Throughout the second stage, Reddick powered through the field and finished second to Larson. He ran second for the majority of the final stage and began hunting down Larson in a 27-lap sprint to the finish. Reddick maneuvered his car where he was most comfortable, rim-riding the wall and making a run for the win.
With two laps remaining, Reddick was within a quarter of a second of Larson. But the 2021 Cup Series champion blocked Reddick’s air and was able to hold off Reddick for the victory after leading a race-high 181 laps.
“We were pretty evenly matched, so I don’t know if there is anything that I could have done to get around him,” Reddick said of his battle with Larson. “He would have had to make a big mistake or had some traffic knock his momentum down.
“It’s a solid effort for our team and that’s how we need to run. I don’t like running second.”
Reddick mentioned that with Larson blocking, he couldn’t get out of the wake of his dirty air to get a good enough run on the leader.
“The wake isn’t wide, but you don’t ever want to follow someone into the corner,” Reddick added. “The air is so turbulent underneath the car after it exits the diffusor that drivers can use the block to their advantage.”
Larson dominated the race running the bottom lane, but when Reddick was closing in he began playing a cat-and-mouse game.
Larson said: “With two to go, he expected, I think, me to run the middle or top or something, and I was able to do kind of a nice lazy arc to the bottom and take his air away in the center of (Turns) 3 and 4 and got him tight.That killed his run down the front stretch, and thankfully that was the white flag.

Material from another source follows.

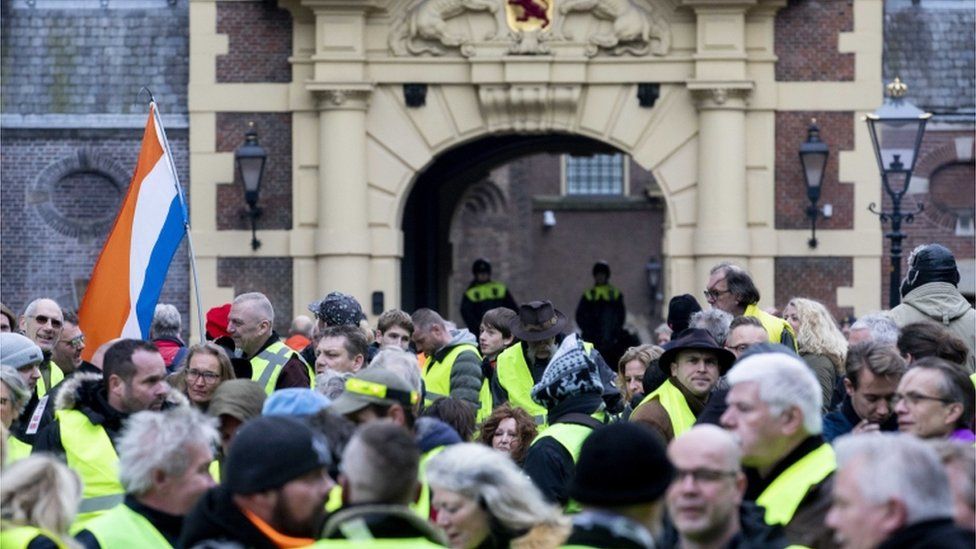 Yellow vest protesters in The Hague, the Netherlands
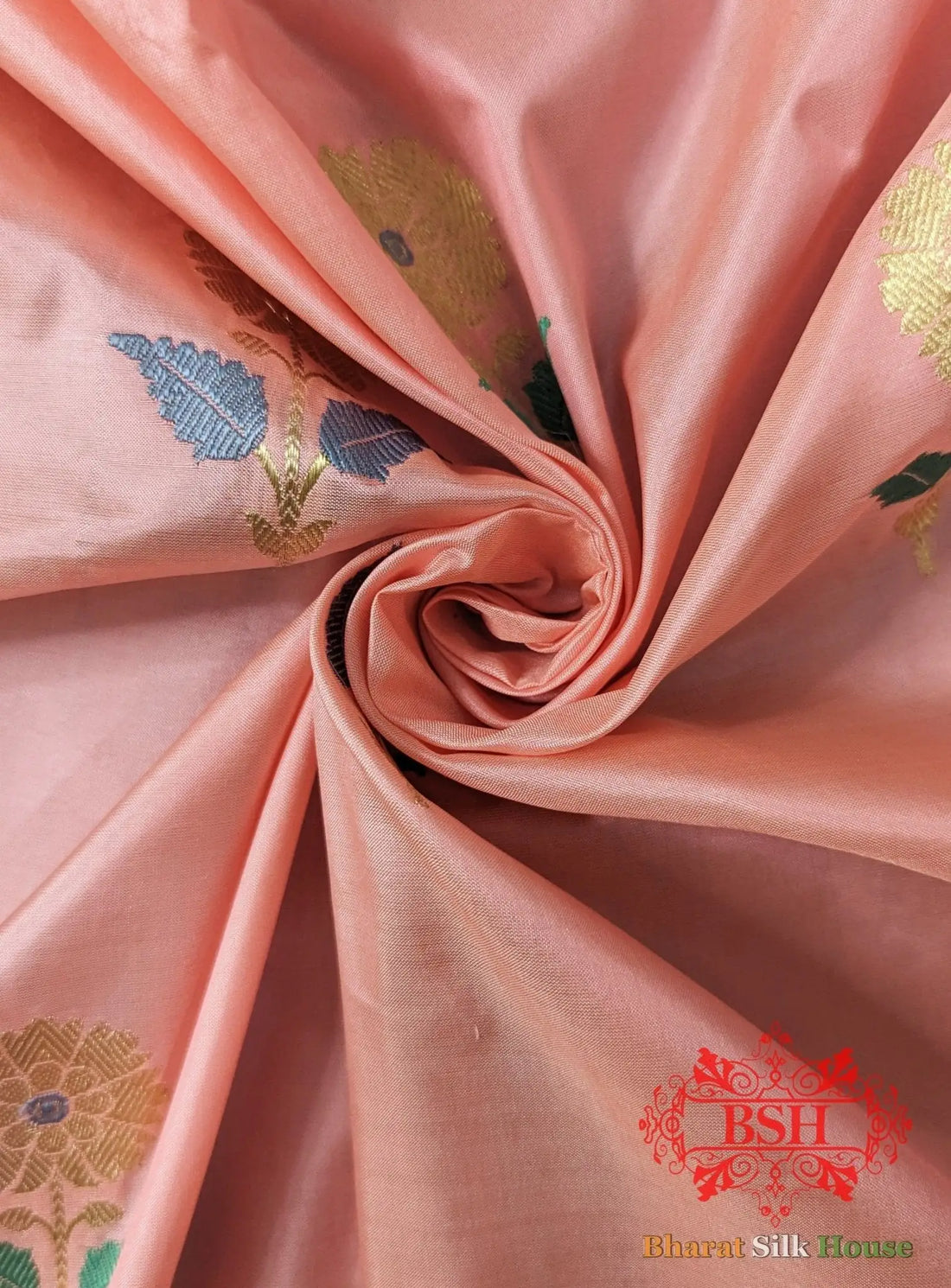 Pure Banarasi Handloom Katan Silk Meenakari Antique Zari Saree In Shades Of Gazari - Bharat Silk House Pure Kataan Silk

I knew as long as I hit my marks I was going to be safe to the checkered.”
This is the third time the two northern California drivers and longtime competitors swept the first two spots of a Cup Series race. Larson has come out with the upper hand on all three occasions. Sunday’s race at Las Vegas played out similarly to last year’s Southern 500 at Darlington Raceway, where Larson won by 0.447 seconds. In Sin City on Sunday, the margin of victory was 0.464 seconds. The first time they finished first and second was in the 2021 playoff race at the Charlotte Motor Speedway road course, advancing the No. 5 team to the Round of 8.
It was a much-needed finish for the No. 45 team, which had a best effort of 29th in the first two weeks of the season. The 53 points scored by Reddick vaulted him 12 positions higher in the regular season championship standings to 12th. That only slighted the disappointment of finishing runner-up.
“It’s good, surely,” Reddick said of getting his first top-five finish of the season. “Regular season points matter, but we’re capable of winning races and we need to do that.”
With Toyota debuting its new Camry body on a downforce track, Scott considers Las Vegas a success. The team sees it has speed and knows it can be competitive as it gets more comfortable with the inner workings of the car.
“With a new body for this year, you don’t really know what you have until you get out here and get your first intermediate race under you,” Scott added. “We’ve got a lot to build on. We had Tyler a year earlier than we were expecting last year. This was supposed to be our first year with him and we’ve got a lot of stuff that we’ve built on and a lot that we are optimistic about.”
Next on the schedule is Phoenix Raceway on March 10 (3;30 p.m. ET, FOX, MRN Radio, SiriusXM NASCAR Radio), which will allow Toyota to see how it ranks out of the gate on a shorter track with the new body. Reddick has finished third in the previous two spring races at Phoenix.